------ INPUT RECORDS ------

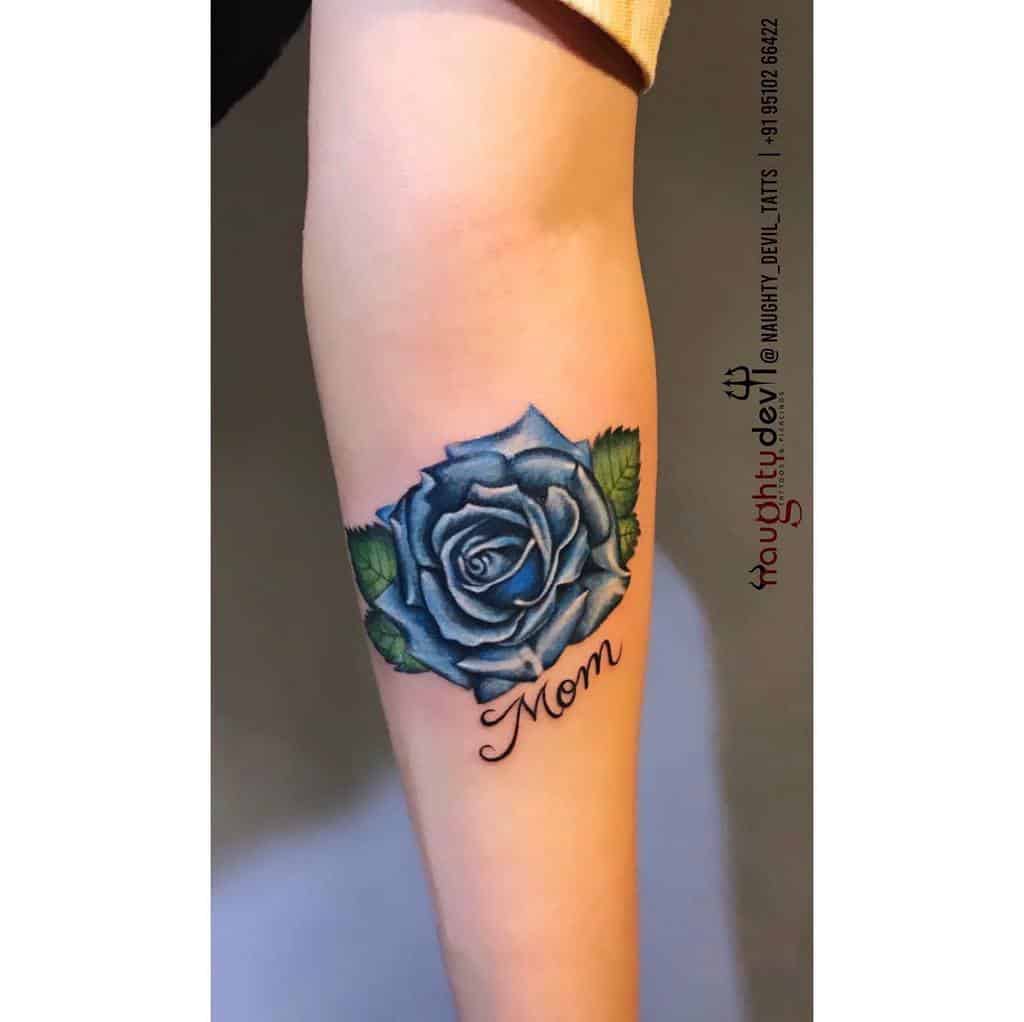 A stunning tattoo of a blue rose blooms gracefully on the arm, elegantly intertwined with the word "Mom"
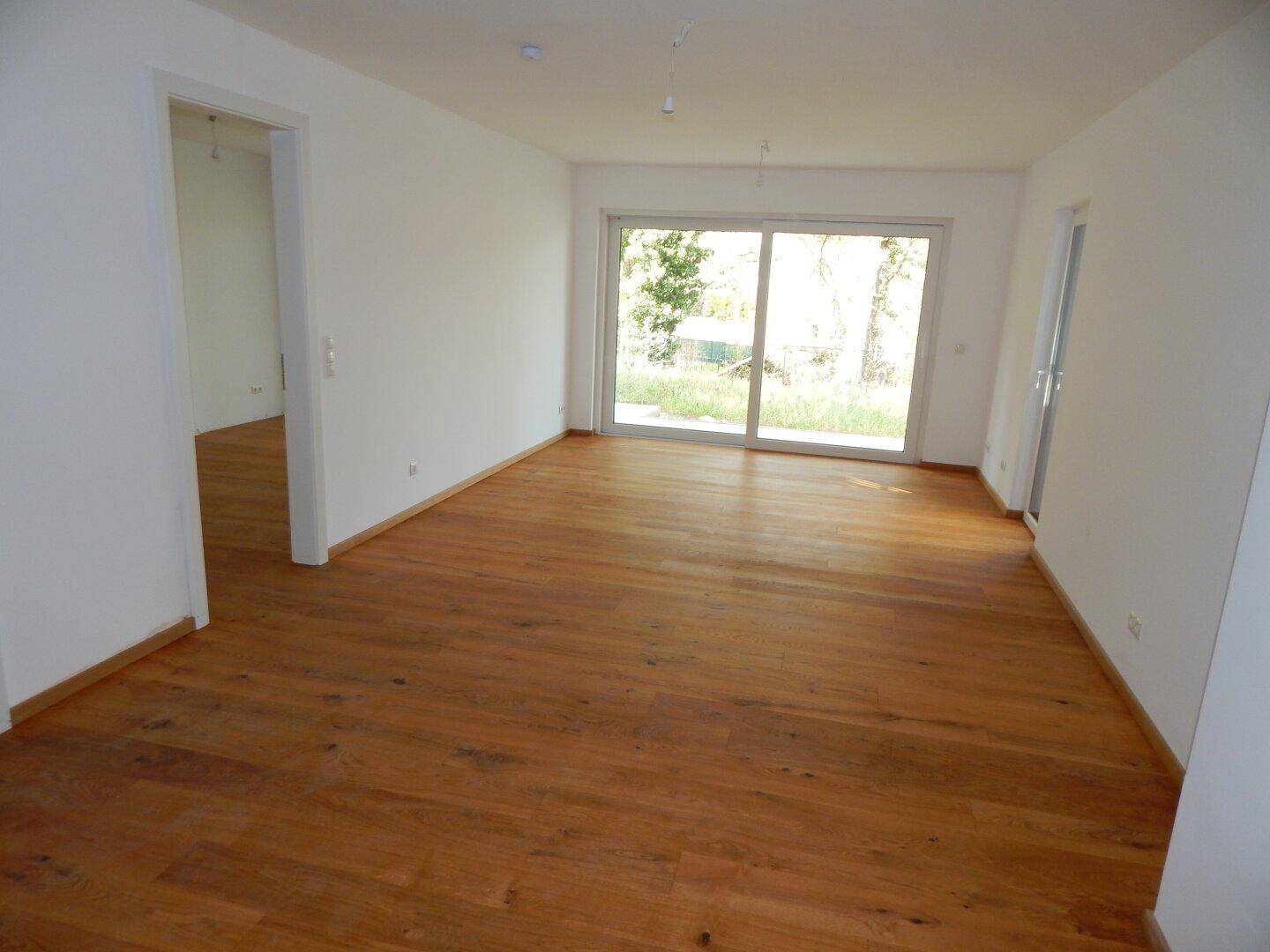 Helles, leeres Wohnzimmer mit Holzboden und großer Schiebetür zum Garten.
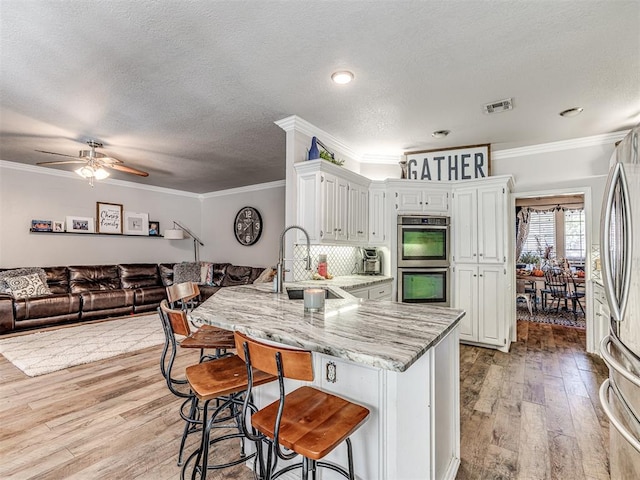 kitchen featuring light stone countertops, appliances with stainless steel finishes, light wood-type flooring, ceiling fan, and sink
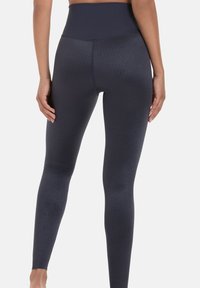 Hoch taillierte navy Leggings mit strukturiertem Muster und glatter Oberfläche. Verfügt über ein figurbetontes Design, ideal für Sportbekleidung.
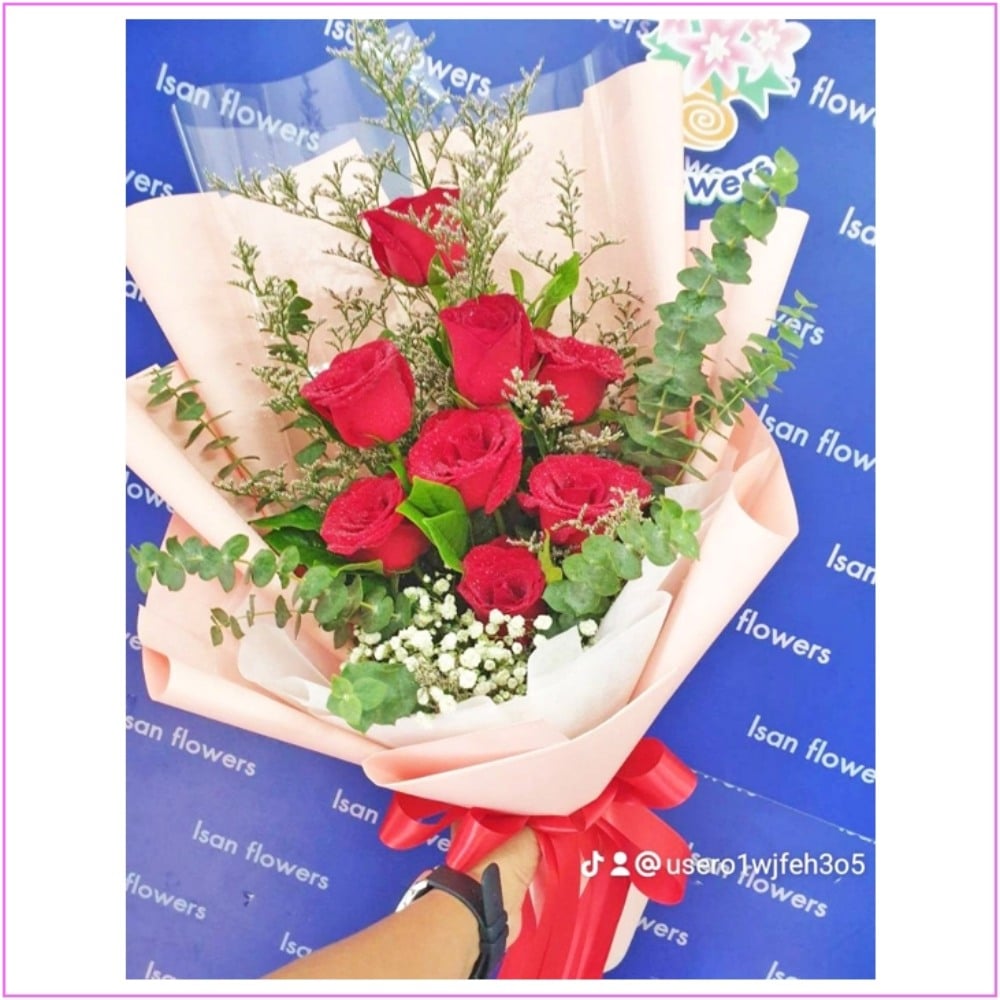 8 big red roses in pink tall bouquet a pre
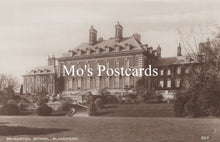 Load image into Gallery viewer, Vintage black and white photograph of a large building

------

▶ **PROBLEM TO WORK ON**: Copy the records above from the first line through the line containing "kitchen featuring light", both included, and leave out any pictures.

▶ **OUTPUT FOR THIS EXERCISE**:
 A stunning tattoo of a blue rose blooms gracefully on the arm, elegantly intertwined with the word "Mom"
 Helles, leeres Wohnzimmer mit Holzboden und großer Schiebetür zum Garten.
 kitchen featuring light stone countertops, appliances with stainless steel finishes, light wood-type flooring, ceiling fan, and sink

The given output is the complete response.